He heaved a great sigh and I noted the goose bumps on his skin remained the entire time.
After I was done I towel-dried his hair and directed him back to my station where I combed it, blasted it for a few seconds with the dryer, and then styled it so it was effortlessly messy.
“All done,” I said, peeling away the pink cape and ignoring the feeling of regret because it was time for him to leave.
He sat there for long moments, looking at me like he wanted to say something, but then he got up. “Thanks,” he said and then went toward the receptionist without a backward glance.
Clearly the chemistry I felt before had been my imagination.
I didn’t look his way again; instead, I cleaned up the hair from the floor and put away my tools. I glanced at my watch. I still had a couple hours left before I could go home. I wished this day was over. I was ready to go home, eat a pint of ice cream, and wallow.
Wallow over one stinking date.
Yes, I was pathetic.
But it had been a really good date.
I had several minutes before my next client arrived so I focused on my reflection in the mirror. My blond hair was a little longer than chin length and it was styled in a messy little bob. Some of the strands flipped out around my face and I had side-swept bangs that drew attention to my blue eyes—not nearly as deep and blue as his were.
Part of me wondered if the color of his eyes was what inspired his name.
No thinking about him! I told myself and directed my attention back to the mirror. My cheeks were slightly flushed against my clear, creamy complexion, my nose was small and straight, and my full pink lips could use a little lip-gloss. I bent, fishing the gloss out of my bag, and when I stood back up, he was there.
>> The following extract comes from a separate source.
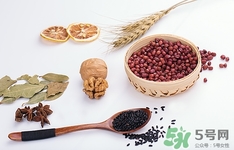 黑豆怎么吃最補(bǔ)腎?黑豆補(bǔ)腎食譜推薦 黑豆怎么吃最補(bǔ)腎?黑豆補(bǔ)腎食譜推薦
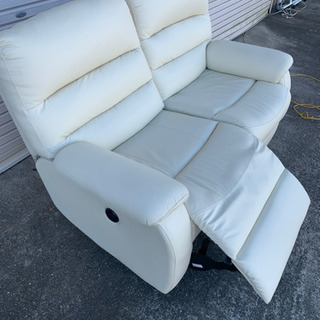 山武市　配達も可　ニトリ　使用1年未満　電動　ソファー　リクライニング　中古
“Blue,” I gasped, pressing a hand to my chest.
“For you,” he said, laying some folded bills on the station.
My heart thundered in my chest, and if I squeezed the gloss any tighter, it was going to explode. “Thanks,” I murmured, breathless. Why was he standing so close?
He reached out and cupped his large, warm hand over my elbow and stepped a little closer. He brought his lips right up beside my ear.
“You’re not so easy to forget,” he whispered.
I sucked in a breath and my mouth ran dry. The room actually went a little blurry. I blinked, focusing on the spot where he stood.
But he was gone.
I stared at the door for a long time, his whispered words echoing through my head.
2
Blue
I received confirmation today. Confirmation that she was definitely pissed off at me. I hadn’t been surprised by that. But I was surprised by the intensity of her anger. Even after all these weeks, she was still mad I never called.
That also confirmed something else.
She still wanted me.
The chemistry between us was undeniable. From the minute I stepped into that salon, she was all I could see. All I could feel.
She tried to act like she didn’t care, like I was just some guy she met once. But she couldn’t fool me. I caught the way she would look at me and then force away her eyes. The way she took extra care with her tools and scissors before getting started.
God, I could still smell her honeysuckle scent that practically wrapped around me every single time she leaned so close. Thank God for that stupid pink cape. It covered up the parts of me that had trouble hiding my strong and lusty reaction to her.
I’d been getting my hair cut all my life, but never, not one time had it ever given me a hard-on. I thought back to the way her perky, full breasts brushed against me when she sometimes moved. The way her black top clung to her narrow hips and her black and white skirt flirted with her ankles and hugged her tight ass. It made me itch to grab her, to pull her into my lap…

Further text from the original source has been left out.